| Task item |
Transcribe exactly everything in the data below from the line containing "Yintong Zhi Lv Hotel Dongmen - Shenzhen" down to the line containing "Geumsan-gun Fitness Friendly", both lines included and nothing further.

[Provided entries Boundary: Start]

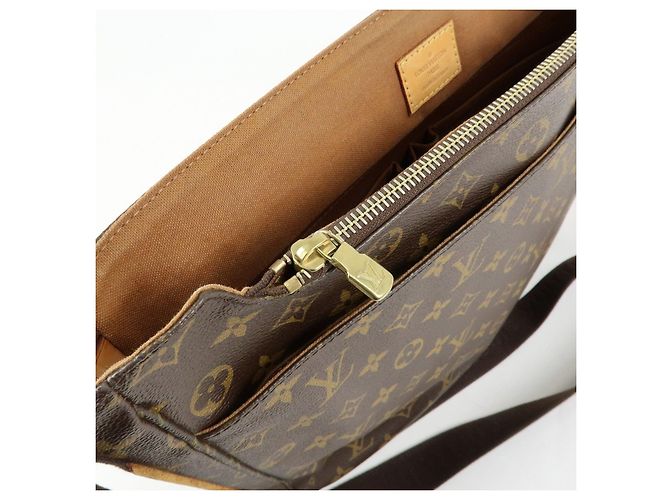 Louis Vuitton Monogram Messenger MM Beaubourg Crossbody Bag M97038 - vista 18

[Provided entries Boundary: End]
[Provided entries Boundary: Start]

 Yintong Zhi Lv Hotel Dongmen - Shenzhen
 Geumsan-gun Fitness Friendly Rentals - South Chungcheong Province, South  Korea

[Provided entries Boundary: End]
[Provided entries Boundary: Start]

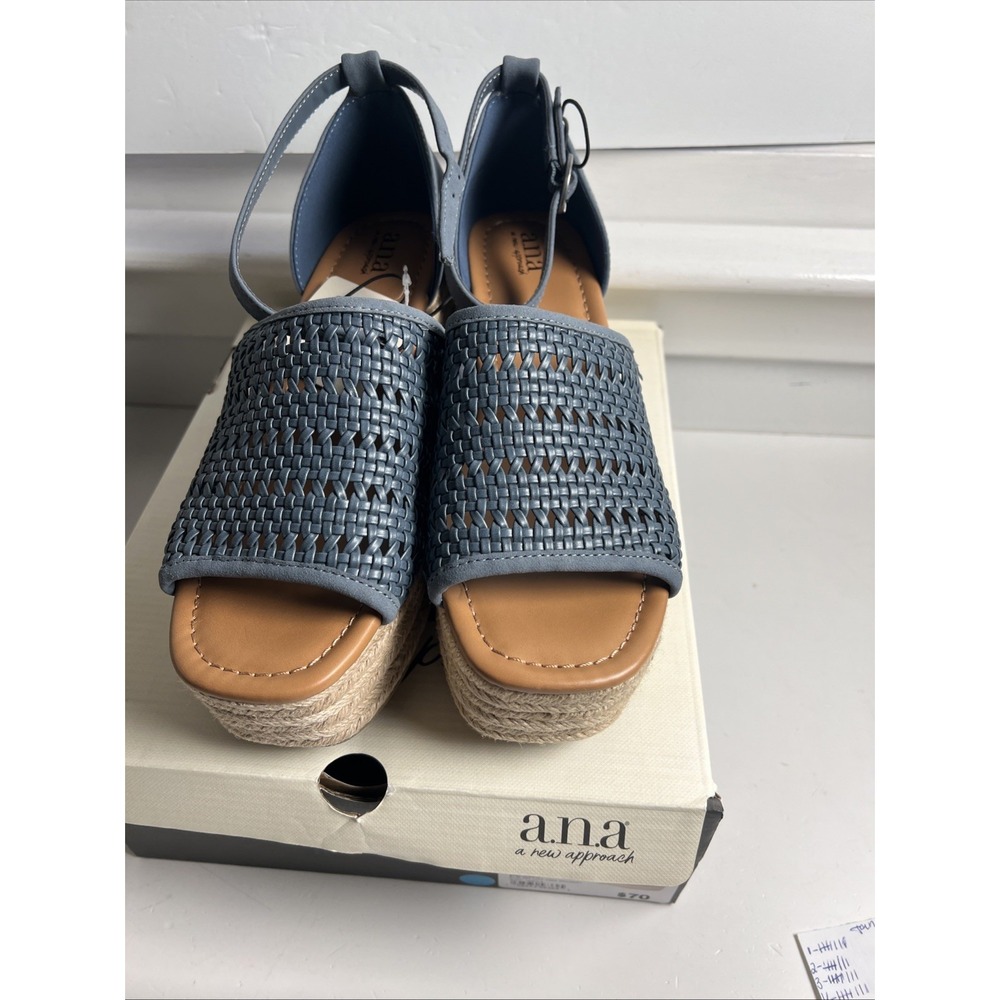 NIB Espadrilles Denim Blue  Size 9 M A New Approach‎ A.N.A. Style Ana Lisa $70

[Provided entries Boundary: End]

| Task output |
 Yintong Zhi Lv Hotel Dongmen - Shenzhen
 Geumsan-gun Fitness Friendly Rentals - South Chungcheong Province, South  Korea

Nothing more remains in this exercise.